This is hilarious. This says: "Murder isn't illegal. You can kill all the people you want to kill, but at some point, the government might send some people after you and arrest you for it. But you can totally do it!" Like the dumbest support argument... ever.
My position is why should a state care whether it is legal or not? They are seceding from our clauses and lawses, are they not?
Also, I don't think that clause is talking about secession. You think that just because it has the word "confederation?"
Then you understand why the federal govt would forcibly stop a rogue nation from forming in their borders?
If it walks like a duck The argumemt for 200 plus years has been the role of the states and the central govt from the articles of confederation to the constitution. The AoC concerned state sovereignty, the constitution concerns individual freedom. The constitution purposely limits the individual power of a singular state.
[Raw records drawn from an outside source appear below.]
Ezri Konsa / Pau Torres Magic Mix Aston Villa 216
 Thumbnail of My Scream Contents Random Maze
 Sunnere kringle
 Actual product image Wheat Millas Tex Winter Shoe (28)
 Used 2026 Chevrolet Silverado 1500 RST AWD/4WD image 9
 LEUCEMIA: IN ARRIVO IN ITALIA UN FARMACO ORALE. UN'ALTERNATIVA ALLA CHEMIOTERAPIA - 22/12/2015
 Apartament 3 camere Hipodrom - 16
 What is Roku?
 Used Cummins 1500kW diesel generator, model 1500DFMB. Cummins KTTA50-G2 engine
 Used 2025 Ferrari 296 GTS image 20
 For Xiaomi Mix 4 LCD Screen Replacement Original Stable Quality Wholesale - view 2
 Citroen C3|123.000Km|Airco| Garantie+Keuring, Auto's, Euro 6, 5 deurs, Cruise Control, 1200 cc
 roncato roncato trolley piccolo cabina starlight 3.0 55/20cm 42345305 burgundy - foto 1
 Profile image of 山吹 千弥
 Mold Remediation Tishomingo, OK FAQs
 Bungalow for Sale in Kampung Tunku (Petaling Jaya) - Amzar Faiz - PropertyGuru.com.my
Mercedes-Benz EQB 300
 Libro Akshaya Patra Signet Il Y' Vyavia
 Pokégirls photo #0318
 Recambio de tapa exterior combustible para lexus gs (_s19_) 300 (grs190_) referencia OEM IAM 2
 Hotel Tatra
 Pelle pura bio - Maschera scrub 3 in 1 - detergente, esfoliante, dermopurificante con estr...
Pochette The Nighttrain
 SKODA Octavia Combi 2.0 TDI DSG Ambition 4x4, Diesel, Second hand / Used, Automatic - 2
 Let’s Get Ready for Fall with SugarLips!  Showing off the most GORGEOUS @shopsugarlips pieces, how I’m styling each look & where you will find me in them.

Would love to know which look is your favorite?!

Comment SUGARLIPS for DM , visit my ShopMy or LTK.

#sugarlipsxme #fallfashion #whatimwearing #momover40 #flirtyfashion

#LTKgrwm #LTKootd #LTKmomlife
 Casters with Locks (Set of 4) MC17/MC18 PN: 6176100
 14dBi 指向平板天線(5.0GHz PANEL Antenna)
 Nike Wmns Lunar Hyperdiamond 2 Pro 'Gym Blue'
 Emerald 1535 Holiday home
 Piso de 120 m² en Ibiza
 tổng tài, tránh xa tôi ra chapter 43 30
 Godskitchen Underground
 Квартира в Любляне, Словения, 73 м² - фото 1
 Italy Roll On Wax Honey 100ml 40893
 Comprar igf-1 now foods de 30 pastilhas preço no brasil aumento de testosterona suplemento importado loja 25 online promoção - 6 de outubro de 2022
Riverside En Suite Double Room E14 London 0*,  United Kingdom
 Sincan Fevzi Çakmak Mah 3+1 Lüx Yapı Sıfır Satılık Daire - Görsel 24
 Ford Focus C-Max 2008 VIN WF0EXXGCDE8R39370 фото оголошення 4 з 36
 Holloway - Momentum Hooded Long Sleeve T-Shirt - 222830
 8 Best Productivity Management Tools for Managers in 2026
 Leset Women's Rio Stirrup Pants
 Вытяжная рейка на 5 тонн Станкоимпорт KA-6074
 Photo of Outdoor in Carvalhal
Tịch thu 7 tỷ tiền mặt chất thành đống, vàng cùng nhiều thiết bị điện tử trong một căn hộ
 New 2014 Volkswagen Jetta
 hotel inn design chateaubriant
I am the Field Marshall who is in actual.comtrol. I see a state sponsored illness in your immediate future.
The implication being, obviously, that they are not a sovereign state and have agreed on such a status, meaning they can't pick and choose when to follow the federal government, nor jump in and out at their whim. Also, states believe they can do shit all the time that they actually can't. North Dakota has a law, basically, banning abortion and South Carolina has a law now making Obamacare illegal, as two examples of many. Guess who will win? Simply because the states think they have the right or consider themselves to have it doesn't actually make it so.
I agree with this, but in doing so the founder's underlying assumptions about the nature of the states seem to come out --that they are powerful and sovereign entities whose sovereignty must be curtailed for our experiment to have any prayer at working. They are trying to get rid of the problems and squabbles that were present under the articles. That is what Uni's post (Article 1, Section 1) is referencing, IMO. I don't think that that particular clause has anything to do with secession.